- **What you should do**
Only the pictures are to be left out, and the rest of the entries should be reproduced exactly.

===

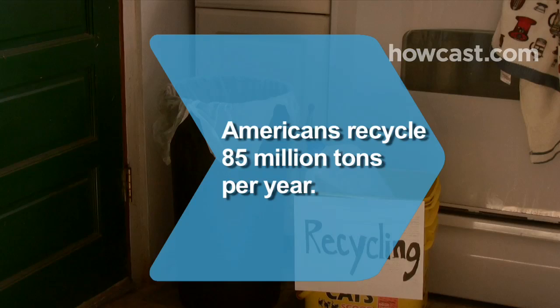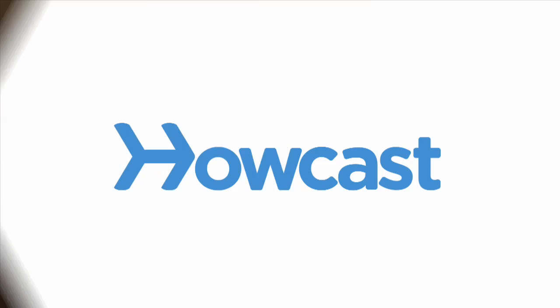Did you know Americans recycle 85 million tons of waste every year, producing a benefit comparable to removing the emissions from 35 million passenger cars.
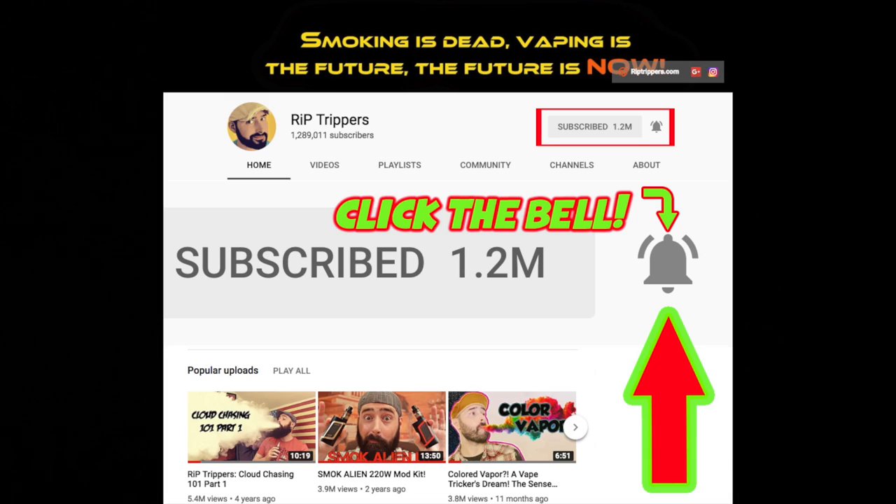Hey guys, check it out — we're almost at 1.3 million subs! I could not have done any of this without you guys. I also want to let you know: you see that bell on my YouTube channel? You've got to click it in order to get notified every time I post a new video. If you click it and you see those squiggly lines on each side of the bell, that's a good thing. If you don't see squiggly lines, you're not going to get notified. Click the bell, see those squiggly lines, and you're all set.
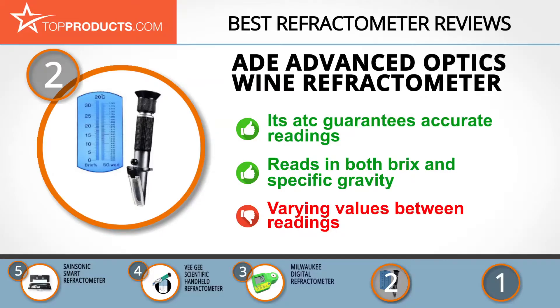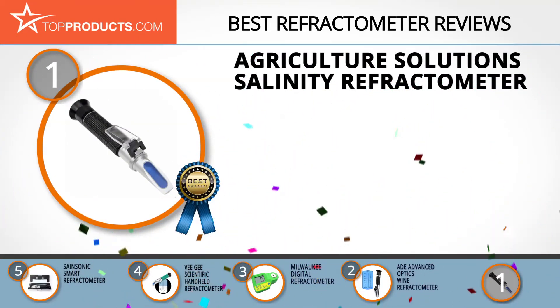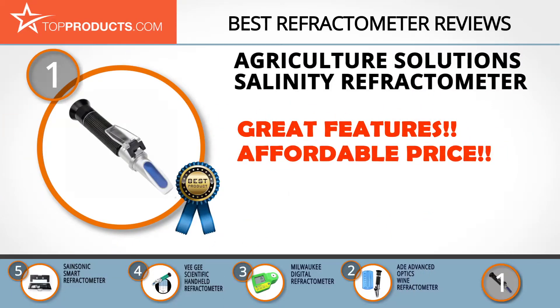It has a dual scale for measurements in Brix and specific gravity. One little issue, however, is that values may vary slightly between readings of the same sample. Finally, the Agriculture Solutions Salinity Refractometer made it to our top choice position because it provides a good array of features at an affordable price.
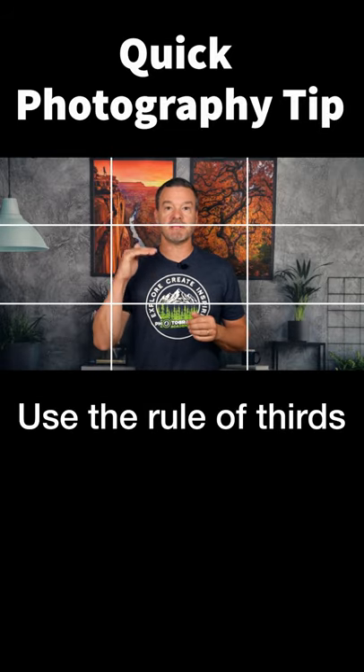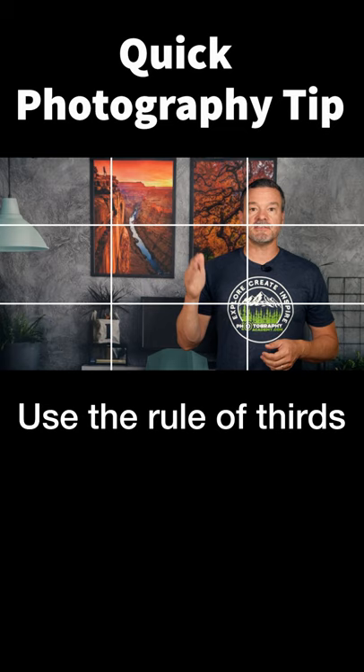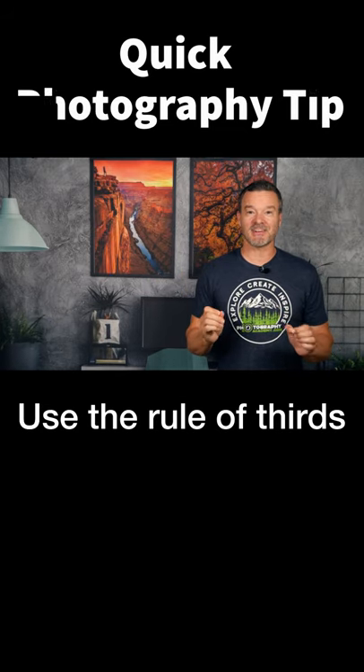Use the rule of thirds — place their face on the top third, and if there's something interesting behind them, place them on one of the sides. Use the rule of thirds, it works.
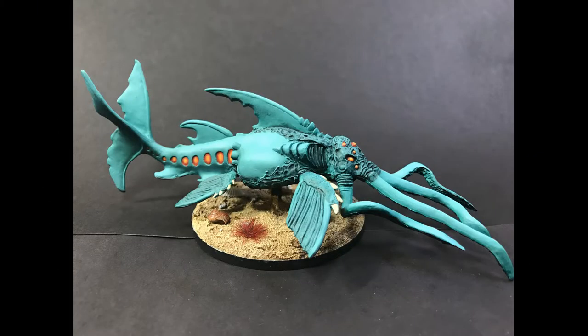Hello Painters! Welcome to the second video in my painting the Monster Manual A to Z. Today we're going to be doing the Aboleth. Since there's no actual official Aboleth mini, we're using this Reaper Gorloff mini.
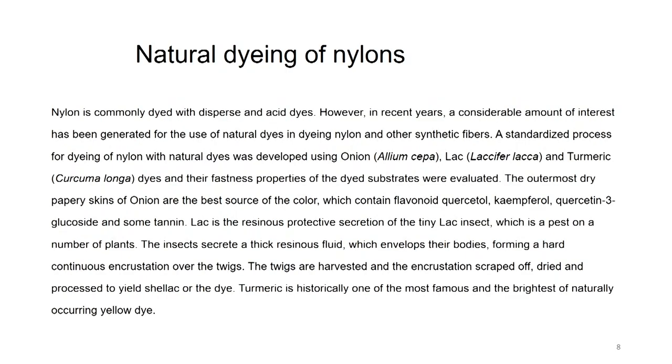Natural dyeing of nylon using other natural dyes: nylon is commonly dyed with dispersed and acid dyes, but in recent years considerable interest has been generated for the use of natural dyes. A standardized process for dyeing nylon with natural dyes was developed using onion (Allium cepa), lac (Laccifer lacca), and turmeric (Curcuma longa), and the fastness properties of the dyed substrates were evaluated. The outermost dry papery skin of onion is the best source of color, containing flavonoids, quercetol, campheral, quercetin 3-glucoside, and some tannin.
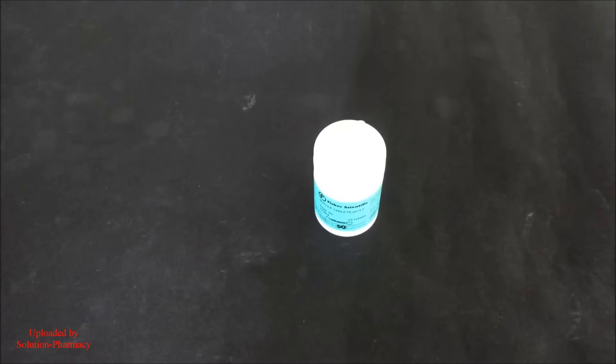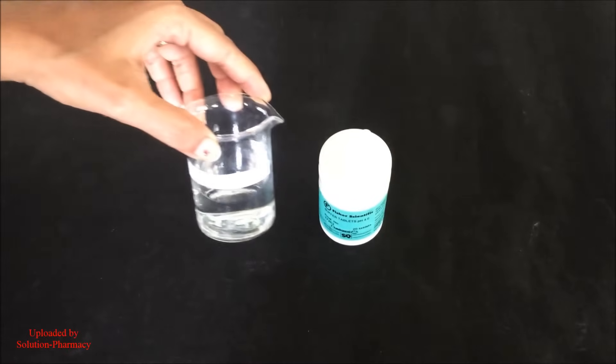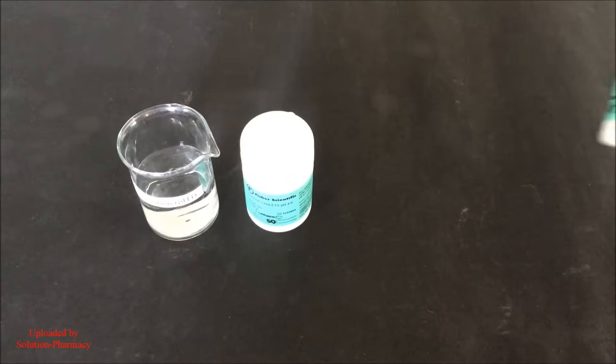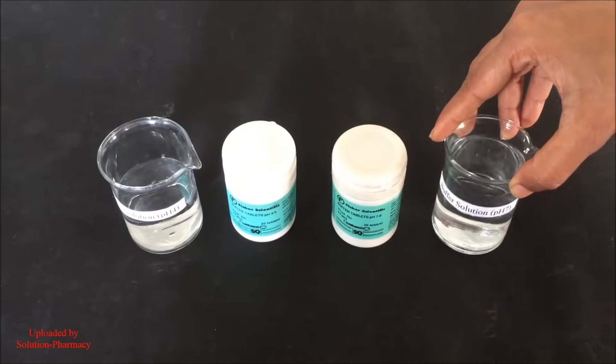To prepare the pH 4 buffer solution, dissolve one tablet of pH 4 in 100 ml of distilled water, as per the instructions given on the container. This is the prepared standard buffer solution of pH 4. In the same way, prepare the standard buffer solution of pH 7 by dissolving one tablet of pH 7 in 100 ml of distilled water.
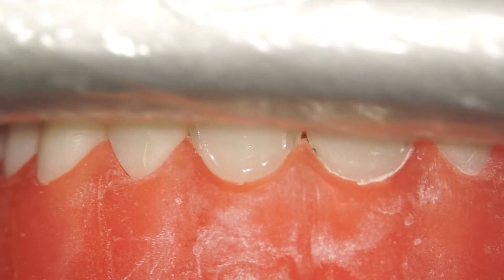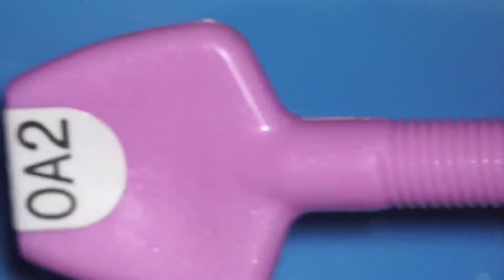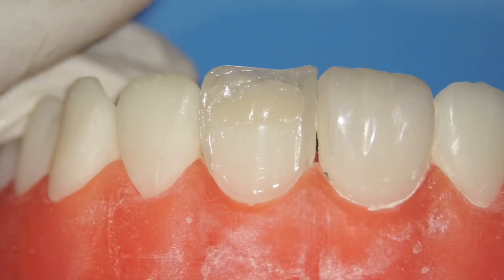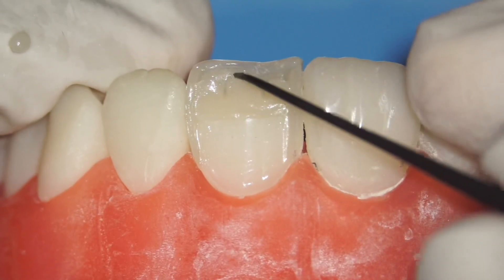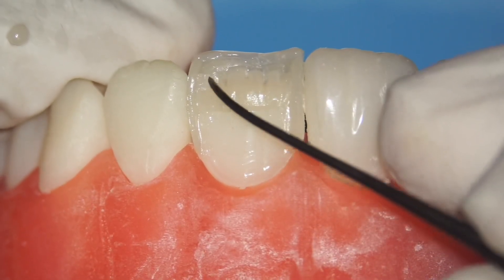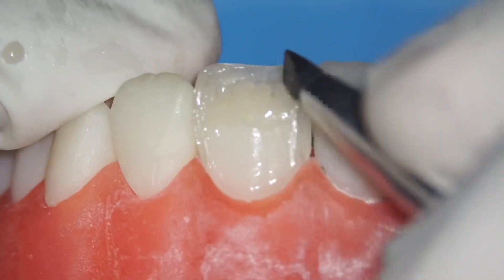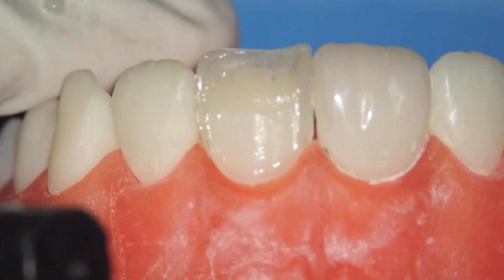The next step is dentine. I'm going to use OA2, which is an opaque shade of A2. Since this is mostly an enamel veneer prep, I'm only adding dentine at the incisal and half of the middle third — not at the cervical. I'm creating some mamelons using a sharp instrument — about six mamelons — based on your own creativity. Then use stick resin with a silicone brush to smooth everything out.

===

- **The answer**
Did you know Americans recycle 85 million tons of waste every year, producing a benefit comparable to removing the emissions from 35 million passenger cars.
Hey guys, check it out — we're almost at 1.3 million subs! I could not have done any of this without you guys. I also want to let you know: you see that bell on my YouTube channel? You've got to click it in order to get notified every time I post a new video. If you click it and you see those squiggly lines on each side of the bell, that's a good thing. If you don't see squiggly lines, you're not going to get notified. Click the bell, see those squiggly lines, and you're all set.
It has a dual scale for measurements in Brix and specific gravity. One little issue, however, is that values may vary slightly between readings of the same sample. Finally, the Agriculture Solutions Salinity Refractometer made it to our top choice position because it provides a good array of features at an affordable price.
Use the rule of thirds — place their face on the top third, and if there's something interesting behind them, place them on one of the sides. Use the rule of thirds, it works.
Hello Painters! Welcome to the second video in my painting the Monster Manual A to Z. Today we're going to be doing the Aboleth. Since there's no actual official Aboleth mini, we're using this Reaper Gorloff mini.
Natural dyeing of nylon using other natural dyes: nylon is commonly dyed with dispersed and acid dyes, but in recent years considerable interest has been generated for the use of natural dyes. A standardized process for dyeing nylon with natural dyes was developed using onion (Allium cepa), lac (Laccifer lacca), and turmeric (Curcuma longa), and the fastness properties of the dyed substrates were evaluated. The outermost dry papery skin of onion is the best source of color, containing flavonoids, quercetol, campheral, quercetin 3-glucoside, and some tannin.
To prepare the pH 4 buffer solution, dissolve one tablet of pH 4 in 100 ml of distilled water, as per the instructions given on the container. This is the prepared standard buffer solution of pH 4. In the same way, prepare the standard buffer solution of pH 7 by dissolving one tablet of pH 7 in 100 ml of distilled water.
The next step is dentine. I'm going to use OA2, which is an opaque shade of A2. Since this is mostly an enamel veneer prep, I'm only adding dentine at the incisal and half of the middle third — not at the cervical. I'm creating some mamelons using a sharp instrument — about six mamelons — based on your own creativity. Then use stick resin with a silicone brush to smooth everything out.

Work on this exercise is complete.